Disclaimers: I do not fly. I will never fly, commercially that is. I have ideas about air travel which I will post later, if the fires of righteous indignation do not burn them out of me, or if I don't forget. I do solder. Poorly, mostly thanks to my 30 year old craftsman beast of a soldering gun, that, and my general ineptitude. Anyone wanna send me $80 for a nice, digital, temperature controlled, radio shack piece of shit which will likely fall apart in a year? I will not quote that fucking Ben Franklin quote. I'm sick and tired of hearing it, and seeing that people just don't give a shit.

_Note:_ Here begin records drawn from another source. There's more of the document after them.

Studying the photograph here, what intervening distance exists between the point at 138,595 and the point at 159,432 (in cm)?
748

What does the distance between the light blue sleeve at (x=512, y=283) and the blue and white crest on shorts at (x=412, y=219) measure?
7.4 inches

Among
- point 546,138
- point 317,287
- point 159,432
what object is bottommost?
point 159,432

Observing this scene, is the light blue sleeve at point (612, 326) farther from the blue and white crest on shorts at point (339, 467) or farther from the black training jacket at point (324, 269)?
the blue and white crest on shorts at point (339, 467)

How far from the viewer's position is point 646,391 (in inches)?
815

This article is not what set me off on this little rant. The fact that it seems to be the rule rather than the exception, is what set me off. This, this, this, and dozens of similar items are what set me off. This one in particular got to me, mainly because I just cashed in a coffee can full of change for almost $200. Yes, I'm a cheap-ass, penny-pinching, hyphenated-bastard, but a million in loose change is still a million-fucking-dollars.

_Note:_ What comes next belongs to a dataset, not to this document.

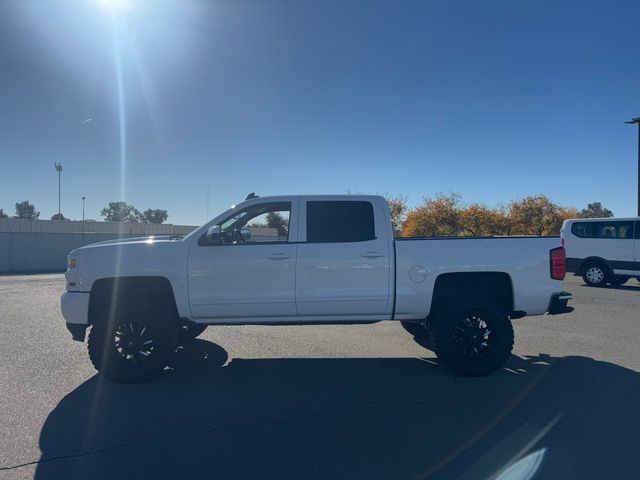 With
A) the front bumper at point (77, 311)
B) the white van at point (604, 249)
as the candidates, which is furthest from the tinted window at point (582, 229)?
the front bumper at point (77, 311)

Security. Oh, how I hate that word. There is no such thing as secure. Period. Unless you are god, and you are not, no matter how highly you think of yourself. There is no way to account for every single contigency, and trying to just makes you look more the fool. This Schneier guy has some pretty good articles about security. I like the one about Real vs Percieved security.

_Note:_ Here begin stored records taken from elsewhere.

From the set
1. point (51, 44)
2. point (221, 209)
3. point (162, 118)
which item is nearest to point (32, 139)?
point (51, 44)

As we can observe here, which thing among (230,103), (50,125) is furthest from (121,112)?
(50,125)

I work property management, and have to deal with "security" every day. For me security is a guy named Robert who drives around a bit, and locks the gates at night. That, and a bunch of cheap ass surveillance cameras around the swimming pools(cameras which rarely get checked, btw). Except, we can't refer to Robert as "security", we have to call him "patrol". Why do we have to call him that? Because our fucking lawyers told us too. See, having a security service appearently makes people feel secure, while having a patrol service only makes them feel patrolled. I know how I want to feel.
I do take basic "security" precautions at home, but I don't go overboard. I understand that I'm only human, and can't control everything.
Go outside, right now. No wait, finish reading this, and go out at night when the sky is clear. Lie on your back, and stare at the sky for ten minutes. Still feel like you can control everything?
Take sensible, and resonable precautions. Am I the only one that understands this. Smoke detectors, fire extinguisher, first aid kit, and a modest "security" system (shout out to ZoneMinder) which I built myself, mainly just for the hell of it. I've mentioned this before, but I have way too much free time. I know some of you may think the security system may be overkill, but I do work property management after all, and not everyone likes me(boo hoo). A couple of highly visible cameras to keep a brick out of my window seems reasonable enough to me. Yes, bricks have been thrown through employees' windows before.
Find a problem, implement a simple, convienient solution. Easy, huh? Appearently not if you're the American government.
Harrasing millions of innocent travelers, arresting them, beating them, robbing them, killing them, that's not convienent, that's not reasonable. That's all I'm saying.
Give me convience or give me death. βeta, out.